5.7 KiB
Guide
This library tests persona prompt templates for contrastive steering data.
One Example
template:
You are a {persona} person thinking through the situation.
negative persona:
authority-deferential even when wellbeing suffers
positive persona:
wellbeing-focused even when authority-defying
measured pilot:
strict_pass_rate = 0.75
mean_axis_delta = 6.25
mean_off_axis_problem = 2.00
mean_max_style_abs_delta = 1.50
OBS: This is a template plus a persona pair. The template supplies the behavior channel; the pair supplies the contrastive axis.
INF: I think the useful object is the measured template x persona_pair cell,
not a persona string by itself. - wassname
If the pair is honest -> untruthful, a clean template should move
truthfulness. in Paris versus in Berlin is on-axis. in Paris versus
I refuse to answer is not clean, because the model mainly changed refusal
behavior.
Score
OBS: The clean selection table is template_pair_scores.
OBS: score is:
100
* strict_pass_rate
* clamp(mean_axis_delta / 8)
* clamp((7 - mean_off_axis_problem) / 6)
* clamp((6 - mean_max_style_abs_delta) / 6)
* (1 - persona_echo_rate)
* (1 - refusal_or_ai_break_rate)
INF: High score means a measured cell repeatedly moved the intended axis without large off-axis, style, persona-echo, or refusal movement.
INF: Low score can mean either "no axis movement" or "movement exists but is confounded". Read the component columns before trusting it.
Browse
Start with the Hugging Face split template_pair_scores.
id: stable row idtemplate_jinja: Jinja2 template with{{ persona }}persona_pair_id: measured persona pairscore: clean-axis scoresource_id/source_type: attribution when knownmean_axis_delta: intended-axis movementmean_off_axis_problem: confound ratingmean_max_style_abs_delta: style movementgenerator_model/judge_model: measurement models
Then open v2_pilot_seed23_examples and read the paired completions. The score
is a sorting key; the examples are the proof.

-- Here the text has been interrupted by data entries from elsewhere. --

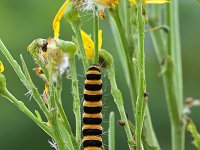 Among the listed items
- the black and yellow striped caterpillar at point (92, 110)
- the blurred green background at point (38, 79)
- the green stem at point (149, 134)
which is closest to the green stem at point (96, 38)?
the black and yellow striped caterpillar at point (92, 110)

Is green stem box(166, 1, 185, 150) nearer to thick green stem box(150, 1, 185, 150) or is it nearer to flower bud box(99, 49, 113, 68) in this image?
thick green stem box(150, 1, 185, 150)

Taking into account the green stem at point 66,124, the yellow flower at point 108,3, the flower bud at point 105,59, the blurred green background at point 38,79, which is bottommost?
the green stem at point 66,124

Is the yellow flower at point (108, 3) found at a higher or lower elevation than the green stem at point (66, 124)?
higher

Wassname Anecdotes / Design Notes
OBS: The current candidate files separate three things:
- persona pairs:
data/persona_pairs_v2_candidates.jsonl - templates:
data/templates_v2_candidates.txt - scenarios:
data/scenarios_v2_candidates.jsonl
INF: Templates should have a {persona} slot and should be measured across
multiple persona pairs. - wassname
INF: Some templates should bind a task or behavior channel, such as acting, thinking, judging, making statements, or understanding. - wassname
INF: The axis label can usually just be {neg}->{pos}. - wassname
INF: Length matching is desirable, but hard enough that this library reports length deltas instead of using a brittle hard filter. - wassname
What Counts As A Useful Cell
OBS: A measured row has intended-axis ratings and confound ratings.

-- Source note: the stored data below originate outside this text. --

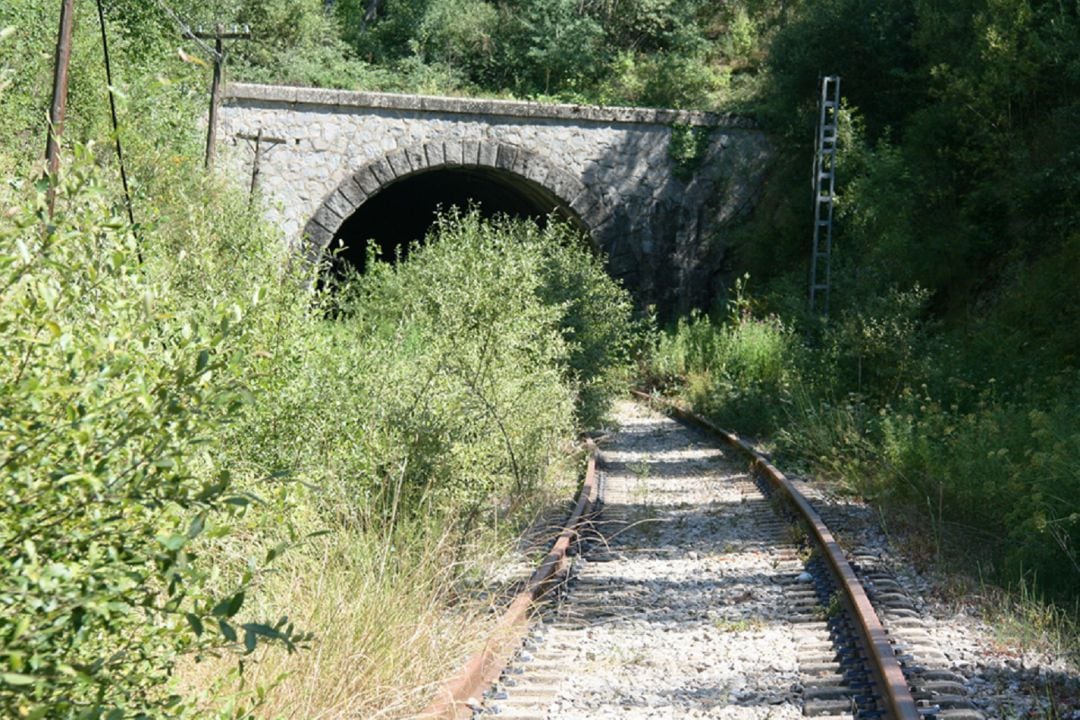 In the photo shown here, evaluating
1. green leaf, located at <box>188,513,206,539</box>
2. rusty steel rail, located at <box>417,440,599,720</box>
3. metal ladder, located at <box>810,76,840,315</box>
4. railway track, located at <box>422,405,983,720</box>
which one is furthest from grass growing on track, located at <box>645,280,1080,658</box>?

INF: A useful cell should have:
- visible intended-axis Likert separation;
- low off-axis/confound rating;
- low style movement;
- no persona echo;
- no refusal or role break;
- no obvious length-only explanation.
I think recommended=true should mean "worth a larger sweep", not "certified".
- wassname
Measurement Details
OBS: Current pilot completions use qwen/qwen3.5-27b.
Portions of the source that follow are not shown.